What is needed — I'd like the number of lines in the material below that include the word "Property", written with no other text.

Source information —
--- START ---

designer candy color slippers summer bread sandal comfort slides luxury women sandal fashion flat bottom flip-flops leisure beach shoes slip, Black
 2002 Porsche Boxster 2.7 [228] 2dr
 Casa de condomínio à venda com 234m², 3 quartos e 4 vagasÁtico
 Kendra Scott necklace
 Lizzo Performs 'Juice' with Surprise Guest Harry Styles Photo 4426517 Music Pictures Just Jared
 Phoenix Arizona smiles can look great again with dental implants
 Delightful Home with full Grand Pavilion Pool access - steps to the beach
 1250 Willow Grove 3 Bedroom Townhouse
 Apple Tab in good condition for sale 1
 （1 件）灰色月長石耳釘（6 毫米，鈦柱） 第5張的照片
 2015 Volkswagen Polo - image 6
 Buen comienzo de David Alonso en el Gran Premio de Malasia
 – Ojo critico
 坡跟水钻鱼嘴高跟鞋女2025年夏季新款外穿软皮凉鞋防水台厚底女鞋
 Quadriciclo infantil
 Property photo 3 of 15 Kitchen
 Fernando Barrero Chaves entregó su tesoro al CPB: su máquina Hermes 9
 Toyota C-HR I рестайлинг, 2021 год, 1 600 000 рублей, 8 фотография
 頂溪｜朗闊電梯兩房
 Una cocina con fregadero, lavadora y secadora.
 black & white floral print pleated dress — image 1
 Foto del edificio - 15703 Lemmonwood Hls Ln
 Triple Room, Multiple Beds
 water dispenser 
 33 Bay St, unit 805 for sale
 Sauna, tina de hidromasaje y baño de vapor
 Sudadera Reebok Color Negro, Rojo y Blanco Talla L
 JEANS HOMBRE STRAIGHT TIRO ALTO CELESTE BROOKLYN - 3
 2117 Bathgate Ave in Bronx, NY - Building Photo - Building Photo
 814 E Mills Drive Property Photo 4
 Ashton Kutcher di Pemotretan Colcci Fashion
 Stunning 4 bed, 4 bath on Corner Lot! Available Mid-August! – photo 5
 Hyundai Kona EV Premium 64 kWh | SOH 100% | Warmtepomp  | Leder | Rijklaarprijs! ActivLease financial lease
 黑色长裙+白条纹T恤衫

--- END ---

Solution for this exercise — 2